There will be photography taken at this event for Bow Arts and Whitechapel Gallery’s internal reporting and for sharing in print and social media.

This event is co-curated by Wan Yi Sandra Lam, Curator: Programmes & Engagement at Bow Arts and Seung Sing Sou, Curator: Public Programmes at Whitechapel Gallery.

Free - Tickets must be booked to guarantee your place!


More about babyschön

babyschön is a London-based DJ. Whether in her live sets or on her weekly Soup to Nuts slot on NTS Radio, she connects the dots between dub, new wave, synth pop and left-field house, always keeping it weird but rhythmic.

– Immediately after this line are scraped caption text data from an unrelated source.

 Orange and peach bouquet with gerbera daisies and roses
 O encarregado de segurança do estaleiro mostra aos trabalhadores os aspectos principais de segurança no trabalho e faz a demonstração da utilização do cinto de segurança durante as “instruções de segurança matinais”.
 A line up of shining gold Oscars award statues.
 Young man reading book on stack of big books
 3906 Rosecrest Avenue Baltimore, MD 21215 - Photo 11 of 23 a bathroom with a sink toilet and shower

As well as regular sets at beloved DIY spots like Gut Level and The Gun, babyschön’s blend of angular guitars, chuggy synths and winding rhythms has taken her to institutions like Karmakoma (Belgrade), Sameheads (Berlin), Hope House (Leeds), the Golden Lion (Todmorden) and the White Hotel (Manchester). She’s also taken the more pumping, sun-soaked end of her collection to Boiler Room Festival, Pike’s, We Out Here and more.

You can find her past radio shows and mixes on the NTS archive or through SoundCloud.

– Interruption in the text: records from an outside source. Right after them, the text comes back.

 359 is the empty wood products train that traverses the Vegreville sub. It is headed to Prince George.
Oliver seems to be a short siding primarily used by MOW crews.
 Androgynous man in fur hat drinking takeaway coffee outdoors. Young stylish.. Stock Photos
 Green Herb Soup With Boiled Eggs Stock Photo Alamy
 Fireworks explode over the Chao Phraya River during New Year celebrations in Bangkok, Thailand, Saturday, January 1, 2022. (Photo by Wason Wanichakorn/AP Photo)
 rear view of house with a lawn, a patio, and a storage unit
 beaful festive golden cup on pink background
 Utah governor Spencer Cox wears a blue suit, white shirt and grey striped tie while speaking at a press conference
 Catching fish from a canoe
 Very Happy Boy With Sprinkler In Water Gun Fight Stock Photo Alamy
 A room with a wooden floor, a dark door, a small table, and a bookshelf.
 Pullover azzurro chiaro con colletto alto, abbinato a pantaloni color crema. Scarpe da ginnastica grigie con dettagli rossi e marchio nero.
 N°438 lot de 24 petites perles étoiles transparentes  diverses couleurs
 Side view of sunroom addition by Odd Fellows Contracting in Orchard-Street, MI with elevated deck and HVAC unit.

More about Liang-Jung Chen

Liang-Jung Chen is an interdisciplinary artist working across drawing, object, installation and performance. Her practice is deeply informed by material culture in anthropological study which leads her to investigate the usage, consumption, creation and trade of artefacts, as well as the behaviours, norms and rituals associated with them. Intrigued by tensions embedded in everyday scenarios, each series of her work scrutinises a specific interaction between a daily object and its user.

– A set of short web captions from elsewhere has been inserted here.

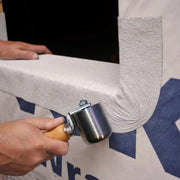 A image showing a Rooftec Steel Seam Hand Roller being used to smooth out seaming tape.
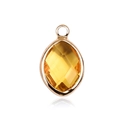 Elegant gold oval pendant featuring a fine-cut yellow crystal with a clear reflection - Gold - November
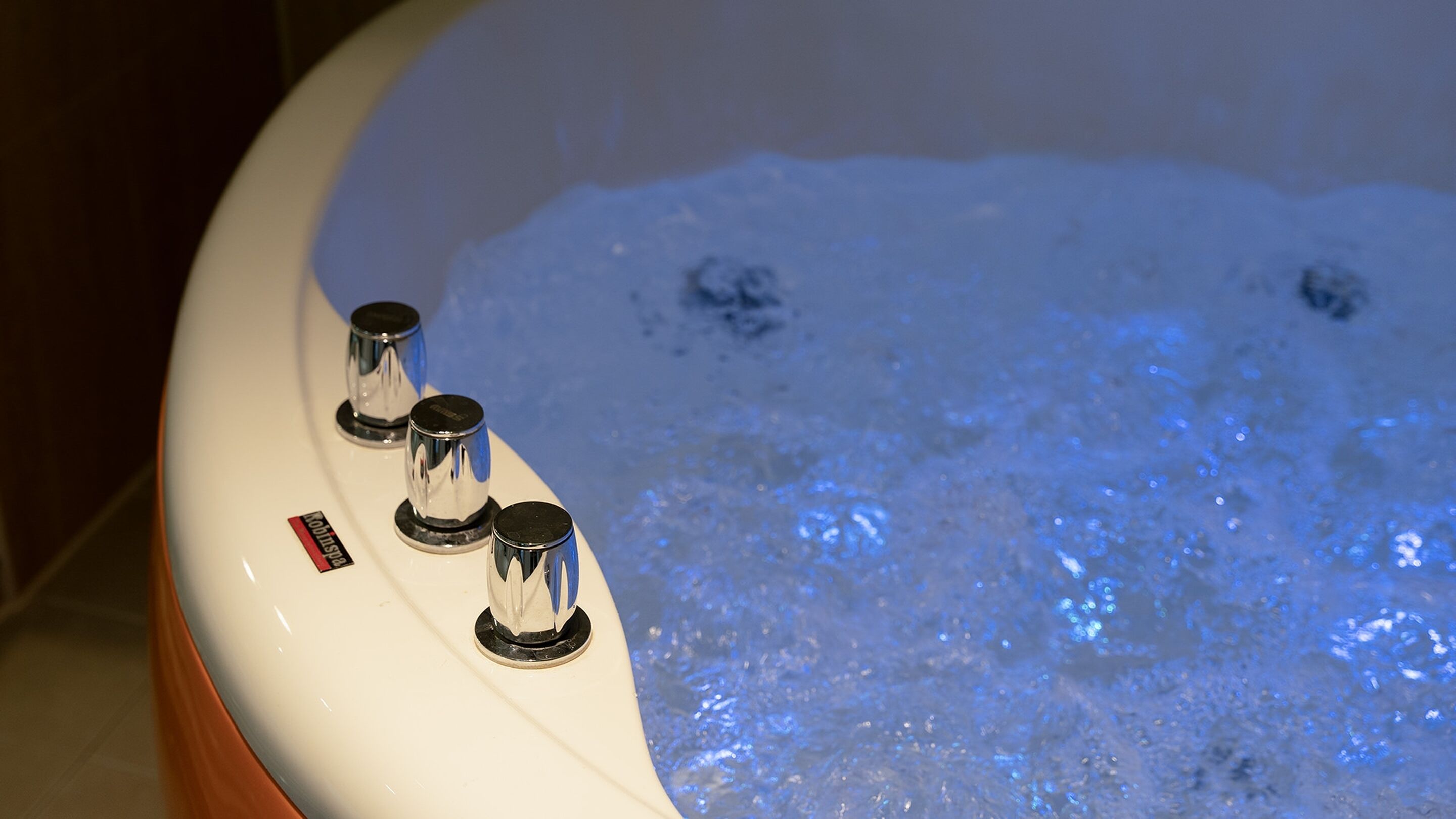 A bathtub with three control knobs and a visible brand label.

Chen also runs ii (initial initiatives), a design and research-driven creative practice, and hardware archive, a virtual home to a random selection of household hardware items found online and around the world. Selected exhibitions include Regarding the Retractability of Boundaries, V&A, London (2024); Have you had breakfast yet? Hweg, Cornwall (2024); On Tenderness and Time, Daniel Katz Gallery, London (2024); Minus20degree Biennale, Flachau (2024); Plus20degree, Galerie Im Traklhaus, Salzburg (2024); Playing House, Hudson Wilder, New York (2023; The Spout and its Churn Rate, Tangent Projects, Barcelona (2022); Local Ware: cooking edition, Oros, Marseille (2021); The egg rack made a disclaimer 2.0, Now Space, Taipei (2021); The egg rack made a disclaimer 1.0, Error22, Tainan (2020); 1 two 1 two, National Gallery of Victoria, Melbourne (2020); The Misused 3.0, Coal Drops Yard, London (2020); The Misused 2.0, Taiwan Design Research Institute, Taipei (2020); The Misused 2.0, Piet Hein Eek, Eindhoven (2019).


More about dmstfctn

London-based artist duo dmstfctn, pronounced demystification, explores opaque systems of power through performance, installation, video games and film. Their work often involves audiences directly, inviting them into the ‘demystification’ of systems by replicating and replaying them, and into their ‘remystification’ by building worlds, characters and myths atop them.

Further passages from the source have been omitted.